### EXTRACTED DATA
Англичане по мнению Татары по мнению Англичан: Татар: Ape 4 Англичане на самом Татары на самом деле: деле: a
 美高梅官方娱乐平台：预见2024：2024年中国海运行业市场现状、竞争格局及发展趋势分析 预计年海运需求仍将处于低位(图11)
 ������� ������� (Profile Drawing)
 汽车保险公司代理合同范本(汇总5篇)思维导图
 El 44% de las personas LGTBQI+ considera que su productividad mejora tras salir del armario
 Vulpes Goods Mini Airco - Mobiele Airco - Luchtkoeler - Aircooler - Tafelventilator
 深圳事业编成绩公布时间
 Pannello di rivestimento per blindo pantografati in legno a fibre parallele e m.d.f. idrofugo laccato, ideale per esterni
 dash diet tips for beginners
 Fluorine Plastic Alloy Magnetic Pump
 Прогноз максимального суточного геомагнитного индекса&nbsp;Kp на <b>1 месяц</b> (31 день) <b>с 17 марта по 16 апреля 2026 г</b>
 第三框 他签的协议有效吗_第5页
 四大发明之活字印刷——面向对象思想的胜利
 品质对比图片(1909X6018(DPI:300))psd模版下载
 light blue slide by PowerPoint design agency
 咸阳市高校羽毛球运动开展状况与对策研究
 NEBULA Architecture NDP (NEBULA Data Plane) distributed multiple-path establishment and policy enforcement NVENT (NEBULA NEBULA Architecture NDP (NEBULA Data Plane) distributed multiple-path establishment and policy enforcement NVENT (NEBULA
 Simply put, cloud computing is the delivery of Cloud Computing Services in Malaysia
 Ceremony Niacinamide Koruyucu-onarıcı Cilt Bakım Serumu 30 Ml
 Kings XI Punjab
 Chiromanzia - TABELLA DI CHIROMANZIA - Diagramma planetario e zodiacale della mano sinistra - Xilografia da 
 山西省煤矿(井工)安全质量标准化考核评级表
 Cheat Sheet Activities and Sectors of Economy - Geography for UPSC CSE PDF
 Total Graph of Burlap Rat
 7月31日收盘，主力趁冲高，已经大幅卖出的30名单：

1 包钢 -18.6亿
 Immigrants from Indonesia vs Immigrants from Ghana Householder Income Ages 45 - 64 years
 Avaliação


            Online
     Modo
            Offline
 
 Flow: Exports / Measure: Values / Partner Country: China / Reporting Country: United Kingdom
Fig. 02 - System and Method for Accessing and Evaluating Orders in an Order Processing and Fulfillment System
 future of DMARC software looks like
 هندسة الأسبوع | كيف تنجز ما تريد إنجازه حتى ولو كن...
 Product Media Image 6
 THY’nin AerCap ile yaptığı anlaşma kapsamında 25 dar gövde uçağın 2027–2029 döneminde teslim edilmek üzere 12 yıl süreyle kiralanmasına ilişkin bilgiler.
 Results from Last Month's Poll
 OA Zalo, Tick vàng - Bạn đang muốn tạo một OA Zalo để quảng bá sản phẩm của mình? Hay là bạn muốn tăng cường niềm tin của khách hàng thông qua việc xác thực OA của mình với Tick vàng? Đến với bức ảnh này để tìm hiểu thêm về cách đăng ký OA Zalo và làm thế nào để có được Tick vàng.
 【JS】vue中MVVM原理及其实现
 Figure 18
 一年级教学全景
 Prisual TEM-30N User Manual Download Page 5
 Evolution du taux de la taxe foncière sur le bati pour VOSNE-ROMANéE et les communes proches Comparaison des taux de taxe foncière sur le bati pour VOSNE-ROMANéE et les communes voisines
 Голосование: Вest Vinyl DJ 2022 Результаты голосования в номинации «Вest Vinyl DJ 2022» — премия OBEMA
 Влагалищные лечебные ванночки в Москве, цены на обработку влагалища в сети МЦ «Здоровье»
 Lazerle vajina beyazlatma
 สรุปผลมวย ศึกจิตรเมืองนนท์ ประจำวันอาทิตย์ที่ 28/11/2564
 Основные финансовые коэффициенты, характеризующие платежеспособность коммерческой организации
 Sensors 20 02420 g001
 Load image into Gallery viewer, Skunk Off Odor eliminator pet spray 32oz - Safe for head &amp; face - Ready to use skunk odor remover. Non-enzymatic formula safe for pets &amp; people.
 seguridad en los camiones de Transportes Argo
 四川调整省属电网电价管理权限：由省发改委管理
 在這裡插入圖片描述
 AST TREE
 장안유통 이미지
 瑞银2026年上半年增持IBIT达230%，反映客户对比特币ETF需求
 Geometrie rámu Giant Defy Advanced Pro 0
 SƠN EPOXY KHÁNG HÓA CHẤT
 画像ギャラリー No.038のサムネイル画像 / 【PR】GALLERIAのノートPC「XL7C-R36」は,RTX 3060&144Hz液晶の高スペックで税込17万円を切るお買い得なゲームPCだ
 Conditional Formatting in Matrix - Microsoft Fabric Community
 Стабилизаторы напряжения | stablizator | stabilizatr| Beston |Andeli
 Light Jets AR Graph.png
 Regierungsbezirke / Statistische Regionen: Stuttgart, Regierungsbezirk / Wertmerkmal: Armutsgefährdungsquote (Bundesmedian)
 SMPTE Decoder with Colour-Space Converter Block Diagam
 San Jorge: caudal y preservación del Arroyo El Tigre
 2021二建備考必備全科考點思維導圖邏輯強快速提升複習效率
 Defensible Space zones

### WORK TASK
Your task is to retype the entries verbatim, starting with the line that holds "NVENT (NEBULA NEBULA" and stopping after the line that holds "Kings XI Punjab".

### RESPONSE TO THE TASK
 NEBULA Architecture NDP (NEBULA Data Plane) distributed multiple-path establishment and policy enforcement NVENT (NEBULA NEBULA Architecture NDP (NEBULA Data Plane) distributed multiple-path establishment and policy enforcement NVENT (NEBULA
 Simply put, cloud computing is the delivery of Cloud Computing Services in Malaysia
 Ceremony Niacinamide Koruyucu-onarıcı Cilt Bakım Serumu 30 Ml
 Kings XI Punjab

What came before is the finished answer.